FPDJ_Sampler

Sampler component of 6.111 (Introductory Digital Systems Laboratory) final team project. Notes adapted from project writeup.

Block Diagram

Overview

The Sampler consists of a Sample Controller, a Storage Controller, and a Playback module. The Sample Controller and Storage Controller were fully functional by the end of the project, but the Playback module suffered from a few bugs that prevented correct audio output. However, these should be easily correctable to achieve full functionality.

The Sampler nominally runs at 100MHz. However, the SD card runs at 25MHz, and the DDR RAM runs at 200MHz. Theoretically, the Sampler’s core modules should be fine running at 200MHz as well, but this was not tested.
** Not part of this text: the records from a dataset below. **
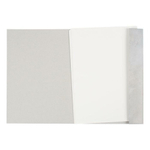 Бумага для акварели Alingar, формат А4, 20 листов, альбом-папка, серия "Город"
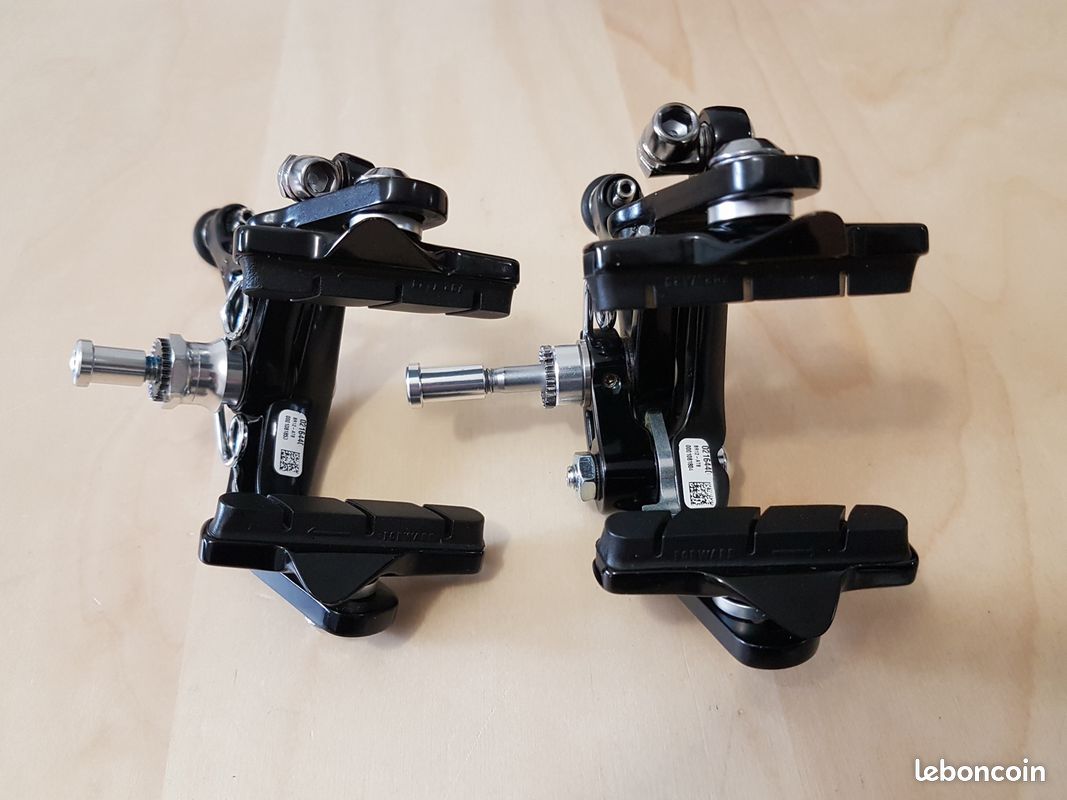 Etriers de freins Campagnolo Athena Skeleton neufs (image 5)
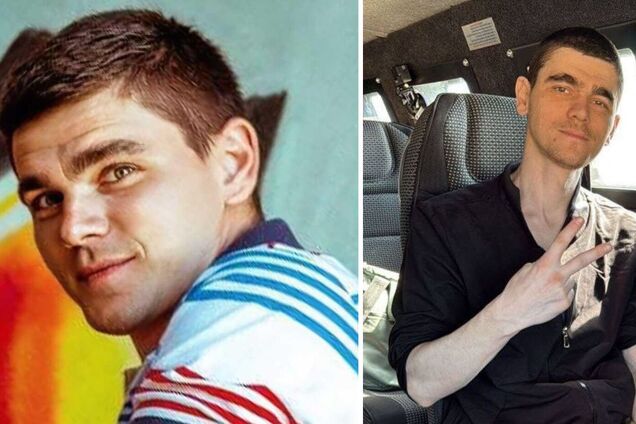 Боевики ХАМАС освободили из плена выходца из Донецка Максима Харкина: что о нем известно. Фото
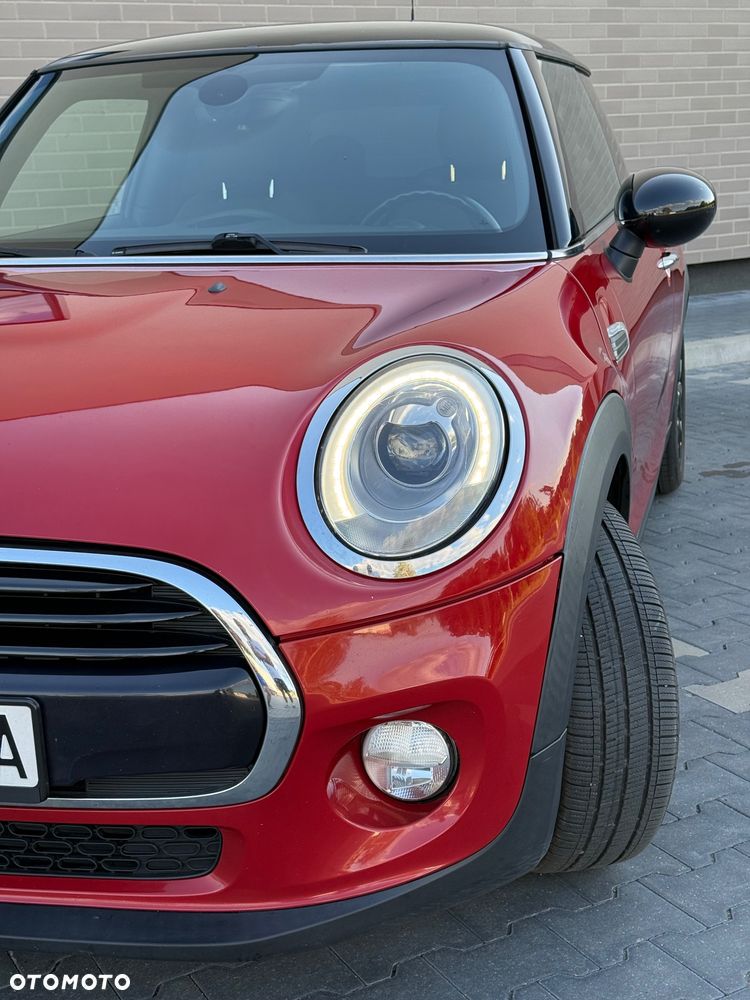 MINI Cooper D - 1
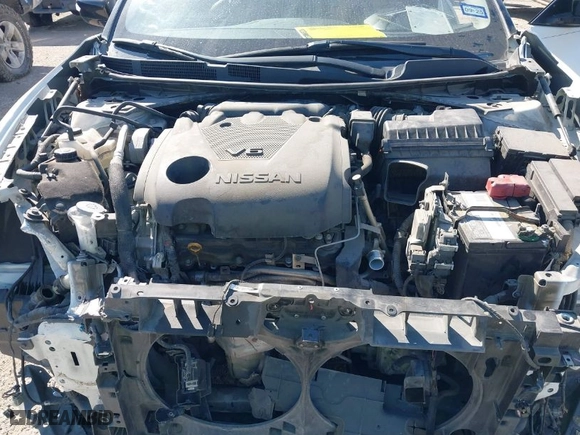 2016 Nissan Maxima 3.5 Platinum with VIN 1N4AA6AP5GC389779, listed as a IAAI auction lot 41599027 with 160,129 mi miles. Bid and sale history available at carsss.com. Image 10.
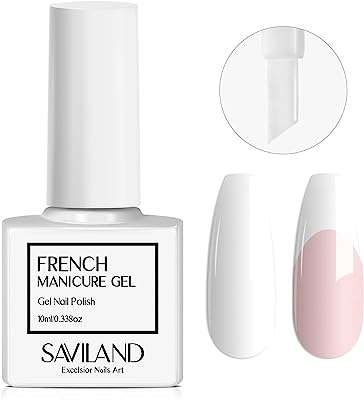Vernis à ongles gel blanc français safyland 10 ml [développé]. DIAYTAR COTE D'IVOIRE, le site qui rend le shopping abordable pour tous ! Découvrez des offres incroyables sur une variété de produits essentiels, de la maison aux dernières tendances mode, en passant par l'électroménager et l'informatique. Ne manquez pas nos offres limitées et économisez gros sur vos achats en ligne !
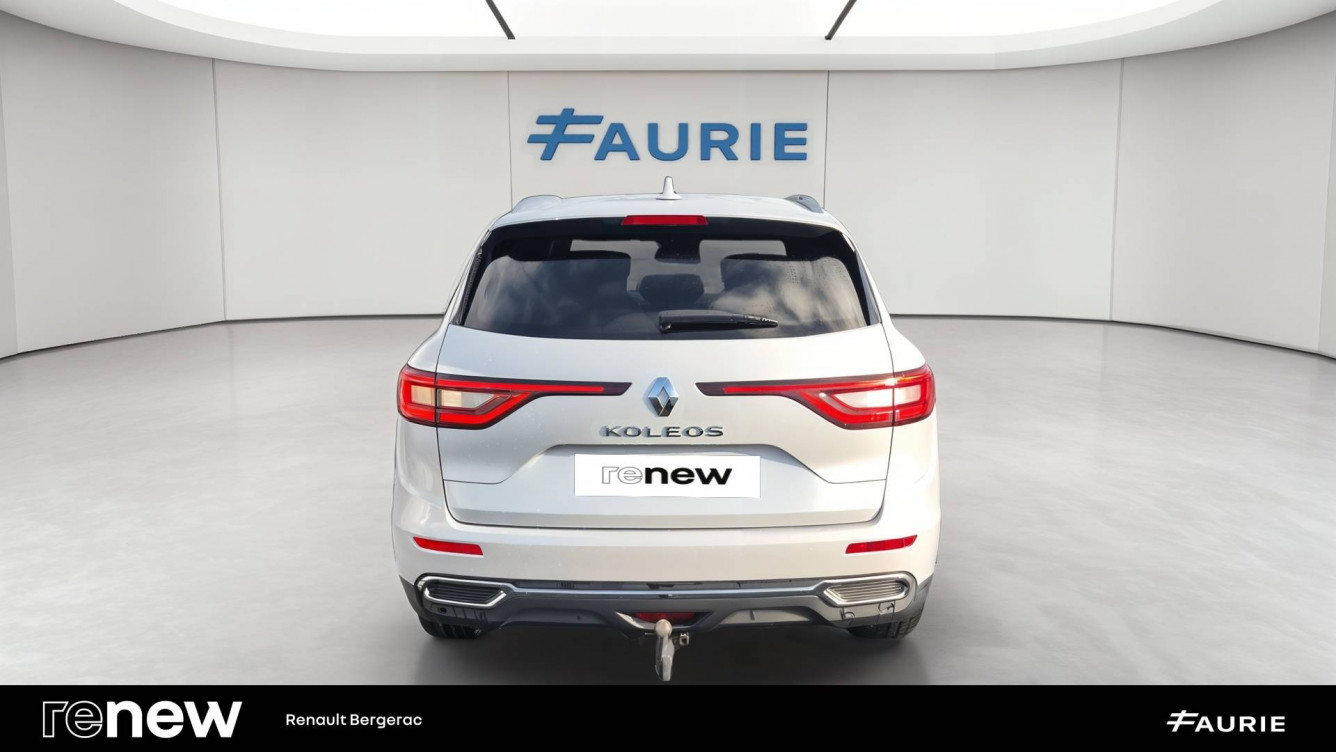 Acheter Renault Koleos 2 Koleos dCi 175 4x2 X-tronic Energy Initiale Paris 5p occasion dans les concessions du Groupe Faurie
The block diagram omits a few top level wires that were used for debugging, and has explicit widths for some busses that were parameterized, showing the values used in the final version of the design.

Storage Controller

The storage controller provides an interface between the SD card and the RAM. The storage controller turned out to be the most complex part of the Sampler, and was split into two sub-modules to organize its functionality.

SD Interface

The first module that makes up the storage controller is the SD Interface. It interfaces with the Nexys 4 SD interface provided by the course staff, and adds a FSM that allows the FPGA to read SD cards that have been prepared with a Python script. The Python script extracts the samples from the WAV files (skipping the headers for simplicity) and inserts “magic words” (0xDEADBEEF, 0xCAFED00D, and 0xFEE1DEAD) as separators corresponding to the beginning and end of each audio file as well as end of the data loaded on the SD.
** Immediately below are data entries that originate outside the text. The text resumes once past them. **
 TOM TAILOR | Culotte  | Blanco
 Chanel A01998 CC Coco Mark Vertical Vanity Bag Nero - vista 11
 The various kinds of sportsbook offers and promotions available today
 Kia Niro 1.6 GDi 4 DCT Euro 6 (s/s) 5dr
The SD Interface FSM starts a read once the FPGA is powered on and the SD card is ready, then continues to start 512 byte reads until the end of the written data is reached. The SD Interface receives the number of requests currently stored in the Arbiter, the second module of the Storage Controller, and if there is not space for another full 512 byte read, the FSM waits until some requests have been processed before starting another read. The version of the FSM used for the final checkoff of the project stays in a “done” state after loading and never needed to write to the SD card, but the FSM can easily be altered to go back to the ready state to trigger more than one load in future versions. In addition, the FSM could be easily expanded to support writing data back to the SD card.

The SD Interface buffers the bytes it receives and passes them to the Arbiter in 16 bit chunks. In addition, it signals when the first bytes of a new file are being sent to the Arbiter.
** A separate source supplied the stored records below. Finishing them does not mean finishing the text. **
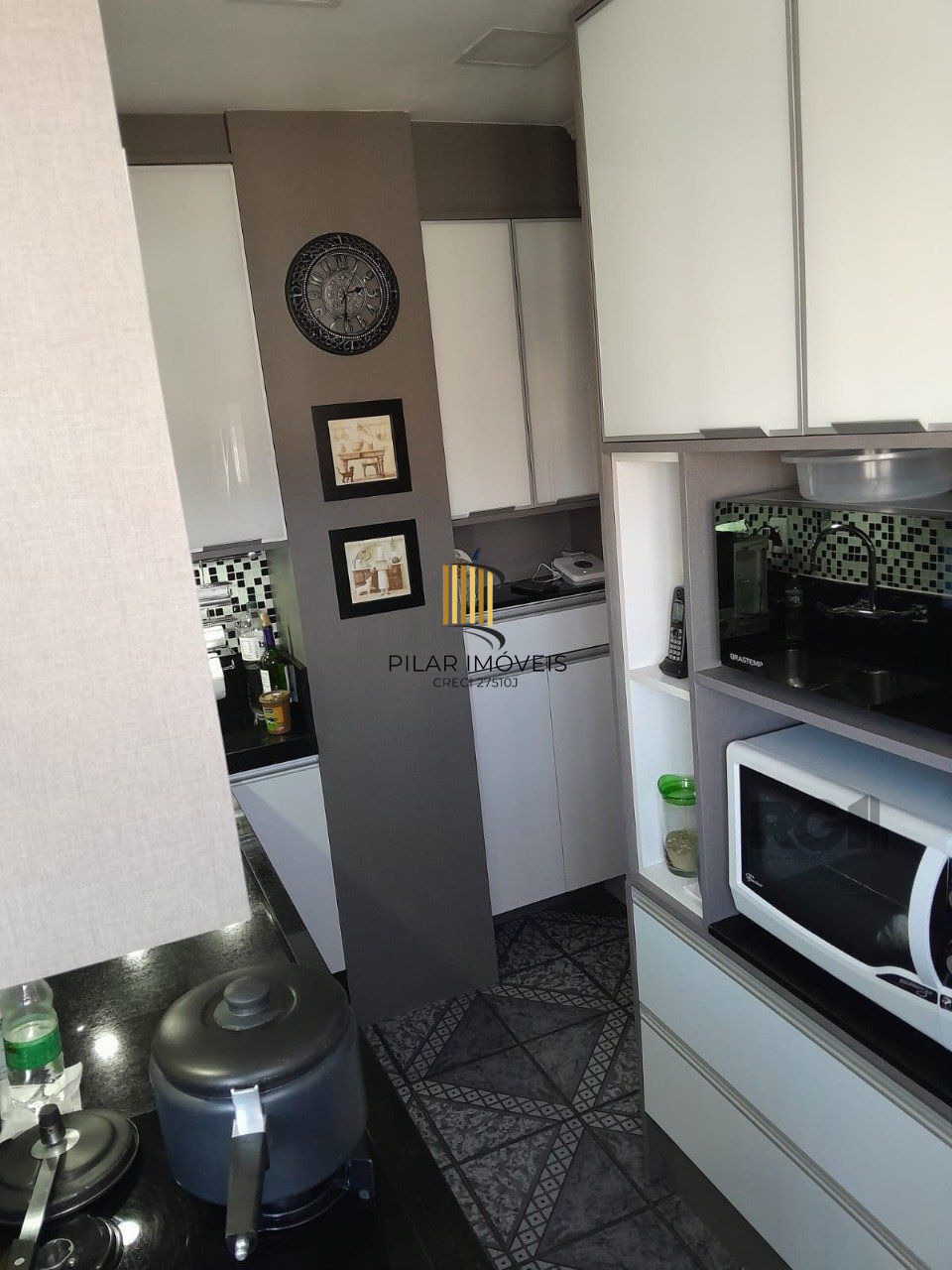 Apartamento de 3dormitórios, com súite e closet,na José do Patrocinio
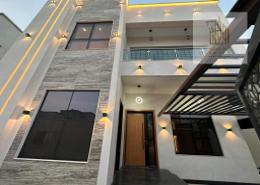 Outdoor Building image for: Villa - 6 bedrooms - 6 bathrooms for sale in Al Zaheya Gardens - Al Zahya - Ajman, Image 1
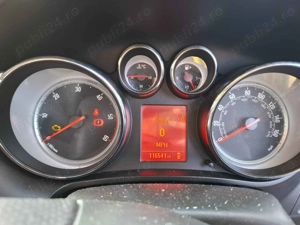 Dezmembrez Opel Zafira C 2014 MONOVOLUM 2.0 CDTI - imagine 8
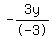-3y%2F-3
The largest challenge in implementing the SD Interface was that it runs at 25 MHz, while the rest of the FPDJ system runs at 100-200MHz. This was mainly an issue because it was a detail that was forgotten until hardware testing started, but it was fairly easy to handle.

Arbiter

The Arbiter acts as an interface to the DDR RAM. In the current design, it is connected to the SD Interface and the Playback module, but it could be easily generalized into a port system that would allow it to be quickly connected to a recording module or other modules that need RAM access.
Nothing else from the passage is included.